Citing Smith’s cooperation with police and the fact that no drugs were dealt out of his home, prosecutors shelved a charge of possessing drugs within 1,000 feet of a school (Bridge Street Elementary School), where a conviction would bring a minimum two-year jail sentence. If Smith violates probation, however, that charge will be reinstated, prosecutors said.
The sentencing deal was worked out between defense lawyer W. Michael Ryan and Assistant Northwestern District Attorney Jeremy Bucci.
At the time of Smith’s arrest, detectives – who had been alerted by a damaged, 5-pound package of marijuana mailed from a California source to Smith’s home at 137 Bridge St. – seized 30 pounds of pot at the house, as well as digital scales, packaging materials and bank records. They also confiscated $3,385 in cash Smith had in his pants pockets. (To see our detailed story on the bust and the Jan. 20 hearing, click here.)
The Forfeiture Agreement
State drug forfeiture laws would have allowed the Northwestern District Attorney’s office to pursue seizing Smith’s entire house and selling it, using the proceeds to fund future drug investigations.
But that’s not the deal the lawyers worked out.
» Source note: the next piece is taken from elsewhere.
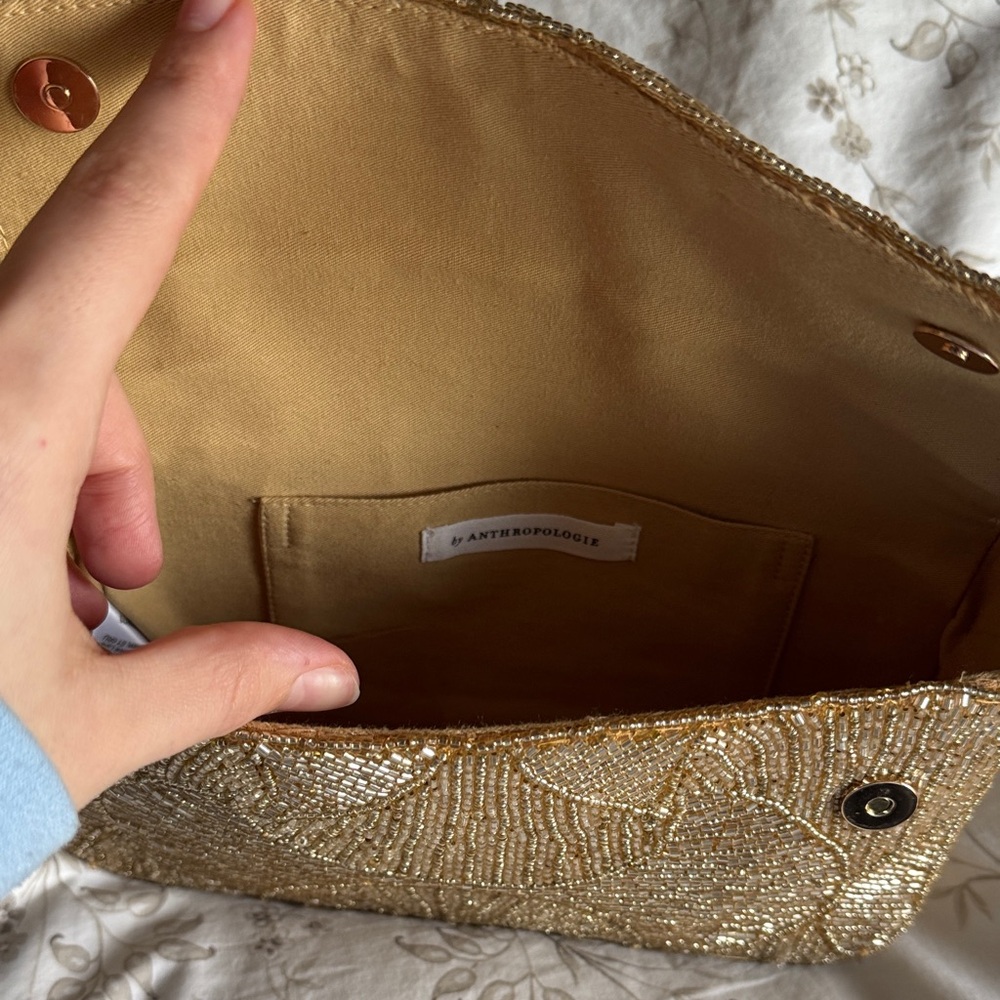 Anthropologie Gold Beaded Women's Bag - Picture 5 of 7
Smith’s home is valued at over $300,000, but he had taken out a home equity loan, which left only about $126,000 in equity.
According to Bucci, the DA’s office decided that, because only the basement floor of the three-story home was used for the drug business, it would seek forfeiture of only one-third of the equity, or about $42,000. Besides, he said, the office wants to avoid being in the real estate business.
The forfeiture agreement that was inked late last month requires Smith to pay off the $42,000 in four equal monthly payments to be made by certified check, Bucci said. A default of the payments, he said, would trigger a forfeiture action against the entire property.
Defense lawyer Ryan tried to put his client’s situation, and the forfeiture, into perspective.
“I would not label the penalty unfair, but it’s certainly severe,” Ryan told Northampton Media today. “The problem is the law, a remnant of the war on drugs. which treats marijuana and heroin equally. It needs revision to reflect our present understanding that marijuana is relatively beneign.”
Smith, who founded Jake’s restaurant on King Street and owned TJ’s bar at 1 Bridge St., runs Birdstone Antiques at 25 Market St. He also owns two mixed-use building at 9 Market St., county records show.